Miami Dade Mayor Carlos Gimenez speaks to the media after delivering the 2014 State of the County Address in Hialeah on Wednesday 26, 2014
Miami Dade Mayor Carlos Gimenez speaks to the media after delivering the 2014 State of the County Address in Hialeah on Wednesday 26, 2014 EL NUEVO HERALD

Miami-Dade Mayor Carlos Gimenez has been in discussions with Donald Trump for more than a year about the celebrity developer taking over the county’s waterfront golf course in Crandon Park, but pledged Wednesday not to influence his administration’s handling of the proposed deal.

Gimenez cited his son’s lobbying work in Doral for Trump, saying a recusal was necessary to remove any question about financial conflict for the golf-course mogul — who also recently became a top contributor to the mayor’s reelection effort. The recusal announcement was made in a memo to county commissioners, saying Gimenez had just learned that Miami-Dade received an unsolicited Crandon proposal from Trump. The document did not mention Gimenez’s active role in the county’s talks with Trump, which aides detailed after inquiries from the Miami Herald.

Trump and Gimenez first discussed what the billionaire television star might do with Crandon when the two played the course in late 2013, a County Hall spokesman said. In January 2014, Gimenez met with top aides and Trump’s representative about putting a deal together, and Trump later sent the rough draft of a proposal directly to the mayor in March. Gimenez wrote back to Trump saying the developer’s aim to “make Crandon Park on par with Pebble Beach is intriguing.”

“I look forward to further discussions regarding Crandon Golf Course and appreciate your interest in improving the game of golf in our community,” Gimenez wrote to Trump, who bought the Doral Golf Resort in 2012.

The Gimenez administration kept quiet about the Trump proposal submitted last summer to spend $10 million to improve the waterfront course in exchange for a management contract.
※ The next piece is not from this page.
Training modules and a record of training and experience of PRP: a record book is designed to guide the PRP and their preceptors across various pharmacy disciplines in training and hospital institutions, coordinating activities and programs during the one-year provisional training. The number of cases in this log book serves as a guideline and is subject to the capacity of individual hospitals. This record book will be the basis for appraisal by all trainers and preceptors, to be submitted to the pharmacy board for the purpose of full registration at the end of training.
The July 2 proposal contemplates Trump managing the course for 99 years. A business forecast filed with the county shows Trump flipping the course’s annual loss of about $340,000 to a profit of $2 million within five years. The Parks department released the proposal Wednesday, and a public hearing on the plan is expected this spring.

Trump’s offer is to maintain Crandon’s status as a prized public course, but with new rates, facilities and concession offerings that would improve Crandon’s finances and establish it as a world-class venue. Crandon is already regarded as one of the top South Florida courses, landing at No. 3 on the South Florida Business Journal’s 2014 golf rankings (the other Top 5 slots are held by Trump-run courses). Trump wrote Gimenez in March to say Miami-Dade could do better with Crandon.
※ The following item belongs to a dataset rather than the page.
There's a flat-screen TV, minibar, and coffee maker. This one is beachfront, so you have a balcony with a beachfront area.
“I have set my sights on a new project which has tremendous potential but is currently laying fallow and is not properly representative of what it could and should be,” Trump wrote in the March 5 letter released by Gimenez’s office. “That is Crandon Park Golf Club. I WOULD LIKE TO MAKE IT GREAT!”

The proposal calls for Trump to retain 90 percent of the course’s operating profits, which are estimated at $2.3 million in 2020, five years after the renovation concludes in 2016. It would debut with a $1.2 million operating profit, rather than the $337,000 loss listed for 2013 in the Trump documents. With Trump pledging a renovated clubhouse, his forecasts show a huge increase in food-and-beverage revenue: from $32,000 in 2013, to nearly $900,000 in 2020.

The forecast also shows a drop in wages paid for running the county-managed course, with the 2013 payroll of $1.5 million declining 14 percent when the new operation opens under Trump’s management. But add in the extra $375,000 in wages and benefits Trump plans to spend on the food-and-beverage offerings, and the entire payroll expense grows by about 18 percent.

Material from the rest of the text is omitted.